Asking Eric: I want to be with my adult kids, but not in an overbearing way

Published On:

To Eric,Both of my boys are in their early thirties. I adore her like a daughter, and my oldest son recently got engaged to a lovely woman of the same age.

Even though we have nice relationships, I’ve noticed that as I’ve gotten older, especially in the last few years while I’ve been living many hours away from my biological family, my need for strong family ties has grown. I’d really like to maintain a conversation with all three of them. I don’t want to appear to be hovering over them, though.

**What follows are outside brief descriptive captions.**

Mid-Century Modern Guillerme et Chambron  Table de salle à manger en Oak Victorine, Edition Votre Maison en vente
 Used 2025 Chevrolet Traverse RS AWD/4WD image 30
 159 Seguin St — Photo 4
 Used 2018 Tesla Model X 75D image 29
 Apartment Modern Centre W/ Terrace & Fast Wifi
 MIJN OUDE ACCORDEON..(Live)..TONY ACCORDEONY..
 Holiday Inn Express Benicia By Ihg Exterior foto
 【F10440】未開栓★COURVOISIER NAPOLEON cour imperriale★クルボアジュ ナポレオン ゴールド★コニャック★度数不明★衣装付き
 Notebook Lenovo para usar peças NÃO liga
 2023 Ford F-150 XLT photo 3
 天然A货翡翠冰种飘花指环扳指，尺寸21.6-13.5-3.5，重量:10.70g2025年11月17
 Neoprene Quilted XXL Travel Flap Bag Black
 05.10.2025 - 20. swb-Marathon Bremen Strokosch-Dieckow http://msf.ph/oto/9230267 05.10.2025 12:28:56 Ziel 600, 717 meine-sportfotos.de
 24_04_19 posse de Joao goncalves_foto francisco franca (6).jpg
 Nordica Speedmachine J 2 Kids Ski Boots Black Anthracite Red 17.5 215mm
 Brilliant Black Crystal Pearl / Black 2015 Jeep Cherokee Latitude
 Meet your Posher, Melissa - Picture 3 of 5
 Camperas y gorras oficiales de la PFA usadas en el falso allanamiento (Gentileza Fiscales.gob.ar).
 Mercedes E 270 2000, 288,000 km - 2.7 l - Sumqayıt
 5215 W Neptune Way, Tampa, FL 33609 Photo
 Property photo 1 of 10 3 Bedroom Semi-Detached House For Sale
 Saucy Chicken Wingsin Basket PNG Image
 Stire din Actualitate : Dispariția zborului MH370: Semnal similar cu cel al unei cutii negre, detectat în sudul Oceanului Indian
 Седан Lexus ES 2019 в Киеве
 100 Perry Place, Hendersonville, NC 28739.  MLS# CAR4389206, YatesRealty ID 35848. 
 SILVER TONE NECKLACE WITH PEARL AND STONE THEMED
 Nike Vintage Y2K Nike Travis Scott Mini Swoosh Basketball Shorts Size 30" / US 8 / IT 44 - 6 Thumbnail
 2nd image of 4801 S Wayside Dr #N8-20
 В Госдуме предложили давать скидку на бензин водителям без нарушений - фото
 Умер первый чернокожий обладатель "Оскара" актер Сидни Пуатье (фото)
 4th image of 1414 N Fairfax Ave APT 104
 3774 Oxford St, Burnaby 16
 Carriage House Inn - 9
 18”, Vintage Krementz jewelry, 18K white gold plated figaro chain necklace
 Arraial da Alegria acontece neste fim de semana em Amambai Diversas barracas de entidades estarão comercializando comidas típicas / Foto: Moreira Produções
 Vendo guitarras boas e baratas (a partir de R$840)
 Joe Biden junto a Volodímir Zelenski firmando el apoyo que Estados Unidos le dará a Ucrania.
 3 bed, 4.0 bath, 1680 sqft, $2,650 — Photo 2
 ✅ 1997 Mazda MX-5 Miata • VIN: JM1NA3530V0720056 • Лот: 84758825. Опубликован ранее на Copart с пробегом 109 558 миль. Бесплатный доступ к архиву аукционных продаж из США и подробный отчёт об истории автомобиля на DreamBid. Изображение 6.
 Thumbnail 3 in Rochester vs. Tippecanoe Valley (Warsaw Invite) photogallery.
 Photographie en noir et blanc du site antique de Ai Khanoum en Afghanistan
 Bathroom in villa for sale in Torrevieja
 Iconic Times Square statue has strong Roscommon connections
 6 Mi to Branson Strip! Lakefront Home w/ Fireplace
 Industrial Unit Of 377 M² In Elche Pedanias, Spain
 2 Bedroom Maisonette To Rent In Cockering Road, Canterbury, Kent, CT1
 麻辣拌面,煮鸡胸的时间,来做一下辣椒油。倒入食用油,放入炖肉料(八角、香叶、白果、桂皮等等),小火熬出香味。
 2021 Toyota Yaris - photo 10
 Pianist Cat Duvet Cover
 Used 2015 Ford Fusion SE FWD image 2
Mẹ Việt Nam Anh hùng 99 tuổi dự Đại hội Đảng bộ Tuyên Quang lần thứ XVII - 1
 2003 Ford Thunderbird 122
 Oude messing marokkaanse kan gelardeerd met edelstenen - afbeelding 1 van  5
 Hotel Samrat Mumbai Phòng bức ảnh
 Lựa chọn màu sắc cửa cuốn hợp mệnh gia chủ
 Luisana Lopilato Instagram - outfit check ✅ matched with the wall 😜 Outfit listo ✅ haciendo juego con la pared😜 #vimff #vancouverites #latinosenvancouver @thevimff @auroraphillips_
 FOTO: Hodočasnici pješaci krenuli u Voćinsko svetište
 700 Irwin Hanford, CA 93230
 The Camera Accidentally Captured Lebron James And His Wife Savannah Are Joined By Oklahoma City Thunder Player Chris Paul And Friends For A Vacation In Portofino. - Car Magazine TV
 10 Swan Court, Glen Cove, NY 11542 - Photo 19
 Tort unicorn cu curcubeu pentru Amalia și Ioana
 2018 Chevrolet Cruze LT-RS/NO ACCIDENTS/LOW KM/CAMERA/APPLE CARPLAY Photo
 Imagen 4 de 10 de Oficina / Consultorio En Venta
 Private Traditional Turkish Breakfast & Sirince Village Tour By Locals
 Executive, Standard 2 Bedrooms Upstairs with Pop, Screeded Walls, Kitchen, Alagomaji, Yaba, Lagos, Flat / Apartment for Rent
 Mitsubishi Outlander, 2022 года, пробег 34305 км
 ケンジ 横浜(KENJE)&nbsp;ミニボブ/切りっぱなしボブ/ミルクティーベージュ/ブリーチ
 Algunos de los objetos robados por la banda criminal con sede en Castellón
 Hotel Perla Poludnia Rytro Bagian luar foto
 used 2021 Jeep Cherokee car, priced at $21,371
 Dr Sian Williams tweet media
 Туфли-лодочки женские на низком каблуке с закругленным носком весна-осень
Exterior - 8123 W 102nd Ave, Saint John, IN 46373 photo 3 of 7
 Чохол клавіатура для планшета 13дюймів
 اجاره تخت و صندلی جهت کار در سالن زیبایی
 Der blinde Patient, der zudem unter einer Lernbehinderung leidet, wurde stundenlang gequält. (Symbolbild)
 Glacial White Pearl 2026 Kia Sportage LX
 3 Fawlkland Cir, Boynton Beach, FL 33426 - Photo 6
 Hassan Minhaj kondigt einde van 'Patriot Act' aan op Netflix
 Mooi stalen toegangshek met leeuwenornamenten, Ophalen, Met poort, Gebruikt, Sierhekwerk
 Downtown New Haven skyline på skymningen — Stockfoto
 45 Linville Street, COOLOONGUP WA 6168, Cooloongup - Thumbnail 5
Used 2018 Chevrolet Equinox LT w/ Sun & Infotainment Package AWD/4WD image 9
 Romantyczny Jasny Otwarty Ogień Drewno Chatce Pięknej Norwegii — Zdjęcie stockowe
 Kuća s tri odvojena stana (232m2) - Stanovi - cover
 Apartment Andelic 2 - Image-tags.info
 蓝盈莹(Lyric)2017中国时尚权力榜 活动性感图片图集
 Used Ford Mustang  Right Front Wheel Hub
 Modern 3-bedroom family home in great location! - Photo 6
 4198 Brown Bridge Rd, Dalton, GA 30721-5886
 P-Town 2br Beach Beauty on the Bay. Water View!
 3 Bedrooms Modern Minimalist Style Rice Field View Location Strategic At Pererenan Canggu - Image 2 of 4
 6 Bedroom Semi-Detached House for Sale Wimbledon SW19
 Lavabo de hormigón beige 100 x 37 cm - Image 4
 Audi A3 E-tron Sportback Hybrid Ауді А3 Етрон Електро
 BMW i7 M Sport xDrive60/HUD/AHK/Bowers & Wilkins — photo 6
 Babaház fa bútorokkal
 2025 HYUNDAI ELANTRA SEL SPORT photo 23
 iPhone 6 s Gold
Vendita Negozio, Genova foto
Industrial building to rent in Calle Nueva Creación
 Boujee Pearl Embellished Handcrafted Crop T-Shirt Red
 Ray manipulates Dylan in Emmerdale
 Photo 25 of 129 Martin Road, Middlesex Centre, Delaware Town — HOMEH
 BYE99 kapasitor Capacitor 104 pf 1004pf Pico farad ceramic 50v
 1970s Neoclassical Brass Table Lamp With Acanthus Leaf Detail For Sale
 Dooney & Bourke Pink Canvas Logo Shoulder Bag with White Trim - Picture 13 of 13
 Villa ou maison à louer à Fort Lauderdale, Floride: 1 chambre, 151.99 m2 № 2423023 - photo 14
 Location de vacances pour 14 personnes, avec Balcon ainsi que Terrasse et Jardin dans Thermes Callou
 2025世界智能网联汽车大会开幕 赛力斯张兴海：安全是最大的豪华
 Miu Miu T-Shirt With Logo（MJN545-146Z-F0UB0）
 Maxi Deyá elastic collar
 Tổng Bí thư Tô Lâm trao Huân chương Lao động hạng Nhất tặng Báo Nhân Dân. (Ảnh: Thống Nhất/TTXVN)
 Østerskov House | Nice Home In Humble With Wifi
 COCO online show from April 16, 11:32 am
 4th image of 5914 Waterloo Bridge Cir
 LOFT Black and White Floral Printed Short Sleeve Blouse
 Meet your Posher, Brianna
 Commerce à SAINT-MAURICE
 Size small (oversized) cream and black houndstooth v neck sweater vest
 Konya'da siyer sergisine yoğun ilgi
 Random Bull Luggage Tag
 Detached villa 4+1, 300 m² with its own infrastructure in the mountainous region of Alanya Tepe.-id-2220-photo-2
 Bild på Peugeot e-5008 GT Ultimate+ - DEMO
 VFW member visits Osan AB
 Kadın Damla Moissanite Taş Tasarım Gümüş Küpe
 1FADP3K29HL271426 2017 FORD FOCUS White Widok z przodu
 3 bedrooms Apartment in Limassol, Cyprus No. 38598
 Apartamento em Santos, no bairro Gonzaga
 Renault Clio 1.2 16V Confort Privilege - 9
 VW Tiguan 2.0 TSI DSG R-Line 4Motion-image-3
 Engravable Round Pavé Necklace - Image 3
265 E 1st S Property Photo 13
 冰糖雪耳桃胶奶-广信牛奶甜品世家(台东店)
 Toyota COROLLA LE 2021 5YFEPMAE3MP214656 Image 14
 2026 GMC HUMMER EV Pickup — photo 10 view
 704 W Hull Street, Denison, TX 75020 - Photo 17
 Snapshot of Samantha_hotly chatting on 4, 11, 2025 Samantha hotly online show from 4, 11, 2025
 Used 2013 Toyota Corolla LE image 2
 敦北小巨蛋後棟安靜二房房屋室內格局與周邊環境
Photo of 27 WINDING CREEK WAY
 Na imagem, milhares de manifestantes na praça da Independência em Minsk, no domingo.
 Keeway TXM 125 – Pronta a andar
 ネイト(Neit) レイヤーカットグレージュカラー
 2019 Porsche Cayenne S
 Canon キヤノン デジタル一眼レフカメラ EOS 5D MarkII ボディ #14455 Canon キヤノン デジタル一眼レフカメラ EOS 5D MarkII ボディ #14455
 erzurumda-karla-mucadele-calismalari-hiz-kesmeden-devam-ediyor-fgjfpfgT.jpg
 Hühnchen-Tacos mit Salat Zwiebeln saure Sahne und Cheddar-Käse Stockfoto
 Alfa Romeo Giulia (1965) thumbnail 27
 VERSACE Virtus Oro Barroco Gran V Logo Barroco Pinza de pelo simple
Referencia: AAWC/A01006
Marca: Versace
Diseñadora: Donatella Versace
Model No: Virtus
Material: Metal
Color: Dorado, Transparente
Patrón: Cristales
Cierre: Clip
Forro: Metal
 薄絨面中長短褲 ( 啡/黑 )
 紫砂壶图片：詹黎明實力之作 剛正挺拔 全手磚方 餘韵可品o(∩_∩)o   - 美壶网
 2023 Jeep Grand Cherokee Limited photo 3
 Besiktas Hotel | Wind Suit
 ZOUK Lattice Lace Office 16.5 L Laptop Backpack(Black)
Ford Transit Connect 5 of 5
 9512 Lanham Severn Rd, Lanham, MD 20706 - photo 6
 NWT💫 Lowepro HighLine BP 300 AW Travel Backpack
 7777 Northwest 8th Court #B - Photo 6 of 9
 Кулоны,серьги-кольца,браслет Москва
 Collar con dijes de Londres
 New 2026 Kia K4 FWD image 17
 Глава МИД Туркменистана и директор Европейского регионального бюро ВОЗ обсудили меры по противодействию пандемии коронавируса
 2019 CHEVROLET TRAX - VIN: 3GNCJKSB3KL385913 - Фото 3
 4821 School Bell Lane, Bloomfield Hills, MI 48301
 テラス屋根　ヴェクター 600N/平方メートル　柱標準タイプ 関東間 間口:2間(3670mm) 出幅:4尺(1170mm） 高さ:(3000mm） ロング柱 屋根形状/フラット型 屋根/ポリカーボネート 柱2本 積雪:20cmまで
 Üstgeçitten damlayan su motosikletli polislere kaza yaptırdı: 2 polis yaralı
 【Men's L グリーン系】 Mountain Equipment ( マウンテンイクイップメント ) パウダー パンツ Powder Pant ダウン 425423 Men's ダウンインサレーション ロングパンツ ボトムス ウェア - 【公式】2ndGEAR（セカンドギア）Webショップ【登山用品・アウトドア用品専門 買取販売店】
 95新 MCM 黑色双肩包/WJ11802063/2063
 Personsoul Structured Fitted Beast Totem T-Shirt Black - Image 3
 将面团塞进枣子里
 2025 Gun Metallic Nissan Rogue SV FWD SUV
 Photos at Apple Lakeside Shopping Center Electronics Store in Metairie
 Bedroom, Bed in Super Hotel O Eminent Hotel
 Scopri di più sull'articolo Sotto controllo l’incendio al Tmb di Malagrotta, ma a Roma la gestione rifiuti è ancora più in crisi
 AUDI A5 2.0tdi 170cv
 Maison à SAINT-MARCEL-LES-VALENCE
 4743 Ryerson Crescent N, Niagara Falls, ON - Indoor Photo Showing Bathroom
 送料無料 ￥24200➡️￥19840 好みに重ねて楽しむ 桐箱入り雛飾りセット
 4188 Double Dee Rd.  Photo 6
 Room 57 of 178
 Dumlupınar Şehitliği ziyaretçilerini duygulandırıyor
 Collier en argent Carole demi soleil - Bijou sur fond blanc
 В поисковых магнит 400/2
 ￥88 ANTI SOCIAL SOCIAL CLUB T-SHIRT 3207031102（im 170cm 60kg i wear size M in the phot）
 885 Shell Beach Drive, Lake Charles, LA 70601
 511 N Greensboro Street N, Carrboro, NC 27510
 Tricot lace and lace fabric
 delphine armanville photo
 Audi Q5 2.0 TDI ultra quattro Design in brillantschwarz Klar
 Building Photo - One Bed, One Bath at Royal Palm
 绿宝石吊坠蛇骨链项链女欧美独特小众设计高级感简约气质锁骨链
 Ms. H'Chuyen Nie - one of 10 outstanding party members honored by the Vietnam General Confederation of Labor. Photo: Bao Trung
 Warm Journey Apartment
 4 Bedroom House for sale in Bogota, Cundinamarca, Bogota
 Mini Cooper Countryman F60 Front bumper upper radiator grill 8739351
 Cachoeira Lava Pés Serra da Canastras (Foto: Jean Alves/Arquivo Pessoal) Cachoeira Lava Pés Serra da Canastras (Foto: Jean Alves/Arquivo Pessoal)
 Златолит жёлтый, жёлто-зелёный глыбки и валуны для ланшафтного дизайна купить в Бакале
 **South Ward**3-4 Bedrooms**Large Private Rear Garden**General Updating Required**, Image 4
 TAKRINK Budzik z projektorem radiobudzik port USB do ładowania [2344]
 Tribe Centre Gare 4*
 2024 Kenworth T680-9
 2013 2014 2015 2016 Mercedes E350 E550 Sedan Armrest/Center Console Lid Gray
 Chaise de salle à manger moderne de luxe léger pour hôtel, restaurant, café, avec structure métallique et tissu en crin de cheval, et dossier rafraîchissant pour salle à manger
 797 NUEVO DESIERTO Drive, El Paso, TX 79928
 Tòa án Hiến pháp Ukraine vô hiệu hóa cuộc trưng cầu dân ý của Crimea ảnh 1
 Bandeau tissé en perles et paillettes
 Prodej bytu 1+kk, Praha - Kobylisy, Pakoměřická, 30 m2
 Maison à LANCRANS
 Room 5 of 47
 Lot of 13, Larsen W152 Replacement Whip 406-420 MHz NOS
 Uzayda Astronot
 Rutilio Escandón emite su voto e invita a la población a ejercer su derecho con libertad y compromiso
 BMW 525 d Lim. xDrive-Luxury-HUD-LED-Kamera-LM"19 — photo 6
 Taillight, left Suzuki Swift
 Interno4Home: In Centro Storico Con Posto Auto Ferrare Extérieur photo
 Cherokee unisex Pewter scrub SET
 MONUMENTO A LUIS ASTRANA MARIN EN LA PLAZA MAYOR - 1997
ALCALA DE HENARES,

How can I determine how often to send casual texts, shares, etc.? How else can I continue to be involved in their lives? Instead of being a drag, I want to be a friendly and welcoming presence.Mom Who Loves Boundaries

To Mom:I guess you have less to fear than you may believe because this is such a great concern that is based on love (and healthy boundaries). The most crucial thing to keep in mind is that you are an equal partner in the mother-son relationship and that you are free to request what you require.

You are still involved in your kids’ life, even though they are still growing and establishing themselves. And probably a much-needed one at that. Open and honest communication is essential to healthy partnerships. Sometimes that is letting them change the cadence as necessary and calling, texting, or going in when you want to. In other cases, that entails discussing what degree of interaction is comfortable for each party. Perhaps you’ll discover that they prefer phone conversations over texting, or the other way around.

You are not a liability. Telling your sons how life is changing for you, as they are telling you how life is changing for them, will also make it simpler for them to continue showing you their love. Continue to communicate with them, pay attention to their requests, and share what you need in order to feel supported and loved.

Stories by

R. Eric Thomas

  • Asking Eric: Friends with hearing loss are annoying to talk to

  • Asking Eric: After 50 years, my wife wants and divorce and won t tell me why

  • Asking Eric: My husband s unsanitary eating habits keep me away from our table

As I m overwhelmed with life duties, a friend berates me for not spending time with her

To Eric,I’ve been friends with Sarah for twenty years. Our families have become closer over that time, even taking multiple vacations together.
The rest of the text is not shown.